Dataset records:

────

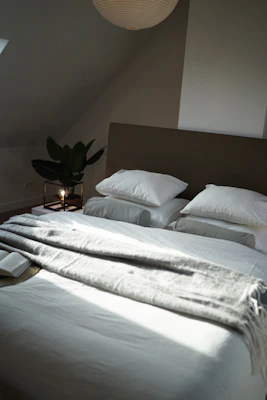 A neatly made bed with plush pillows and a soft duvet in calming neutral tones.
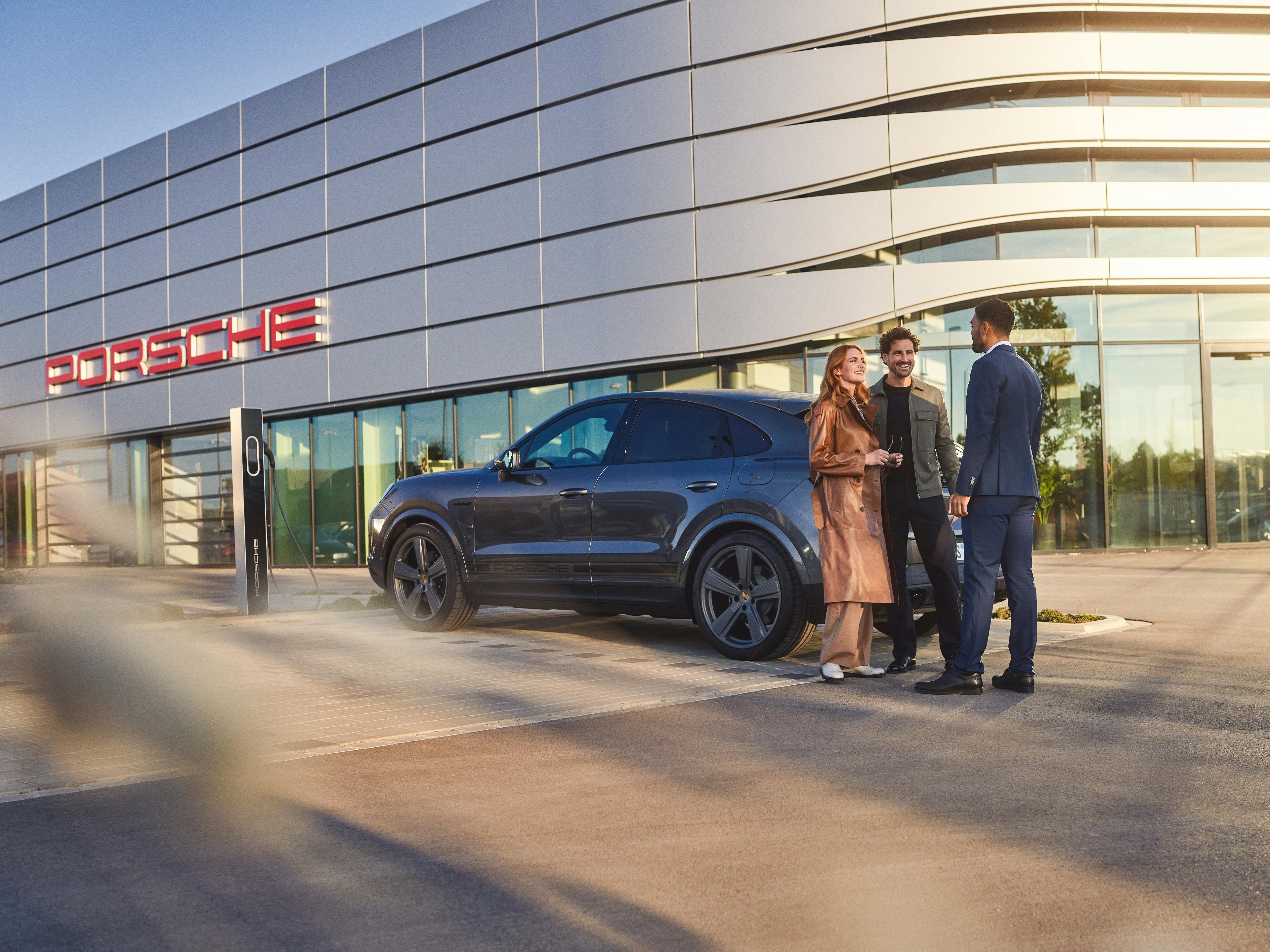 Ein Porsche Mitarbeiter und ein Paar stehen vor einem Porsche-Showroom neben einem Porsche SUV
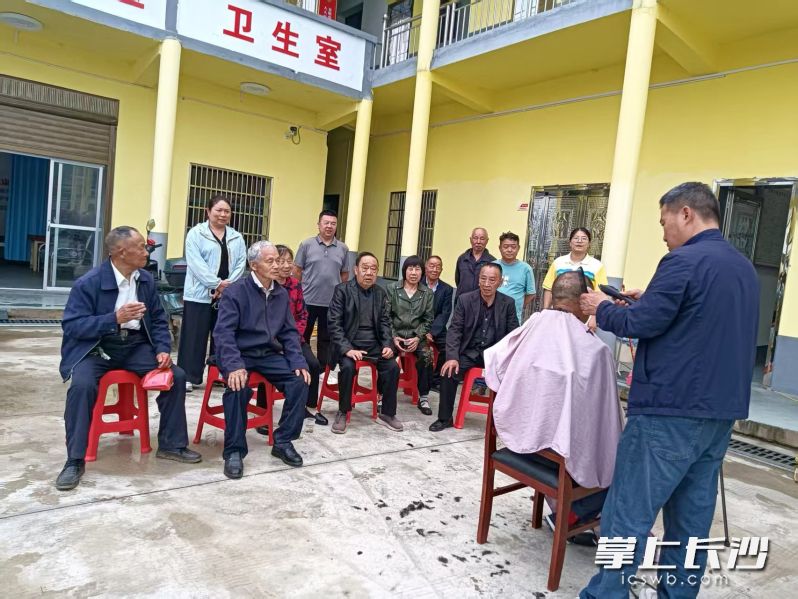 爱心人士为老年人提供免费理发服务。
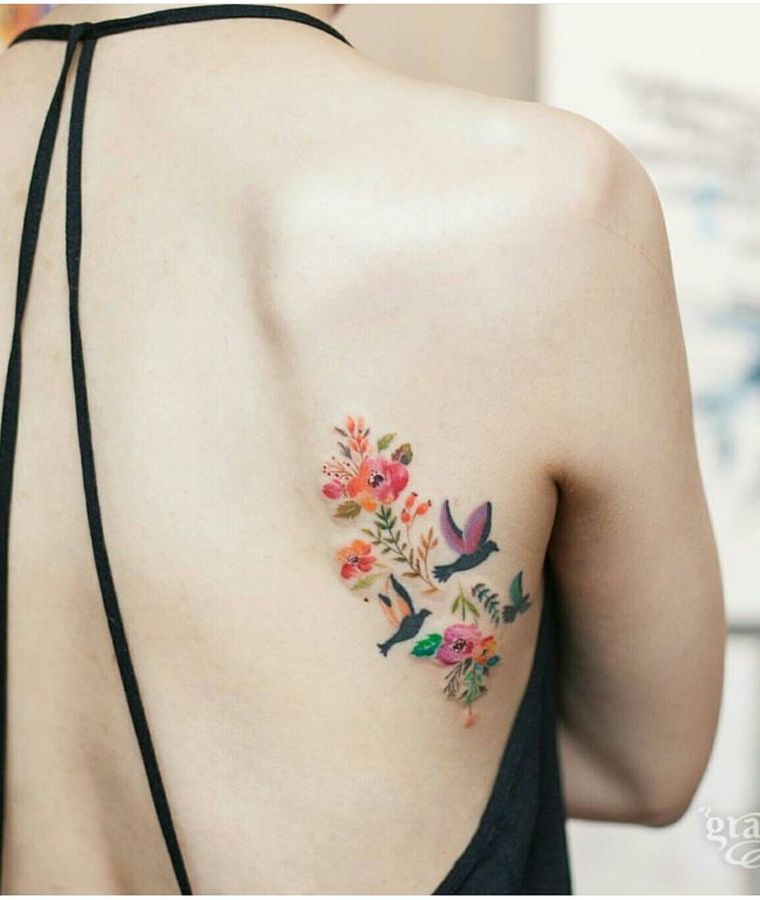 tattoo bird colors-back-woman-model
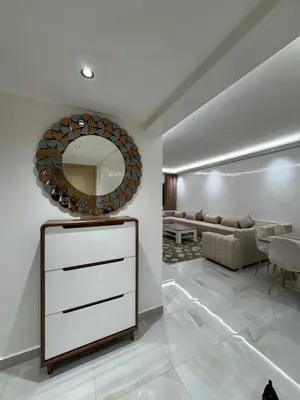 a living room with a dresser and a mirror at Duplex Menara Mall in Marrakech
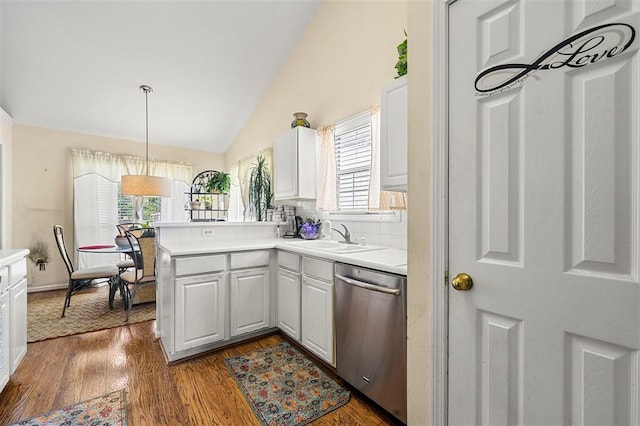 3485 Palisade Lake Dr, Duluth, GA 30096 - kitchen featuring stainless steel dishwasher, a sink, a peninsula, light countertops, and dark wood-style floors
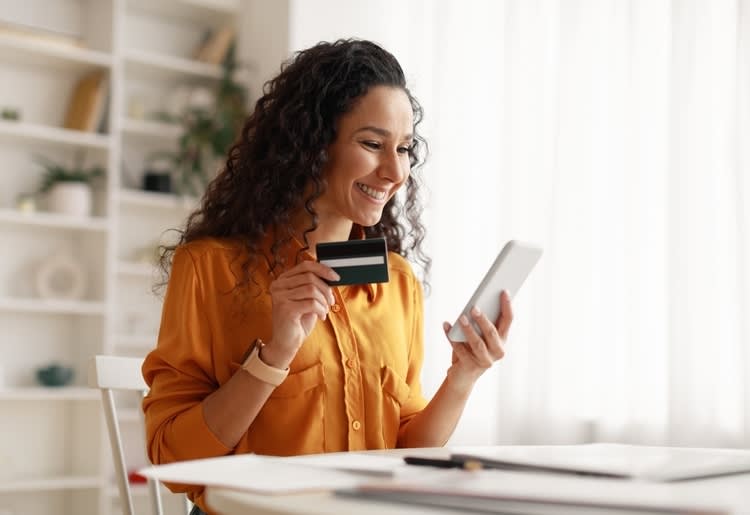 A woman holding her business credit card. 
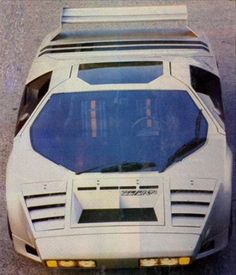 a white sports car parked on top of a parking lot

────

● WORK INSTRUCTIONS: Return every entry word for word, but drop any pictures.

● REPLY TO THE EXERCISE:
 A neatly made bed with plush pillows and a soft duvet in calming neutral tones.
 Ein Porsche Mitarbeiter und ein Paar stehen vor einem Porsche-Showroom neben einem Porsche SUV
 爱心人士为老年人提供免费理发服务。
 tattoo bird colors-back-woman-model
 a living room with a dresser and a mirror at Duplex Menara Mall in Marrakech
 3485 Palisade Lake Dr, Duluth, GA 30096 - kitchen featuring stainless steel dishwasher, a sink, a peninsula, light countertops, and dark wood-style floors
 A woman holding her business credit card. 
 a white sports car parked on top of a parking lot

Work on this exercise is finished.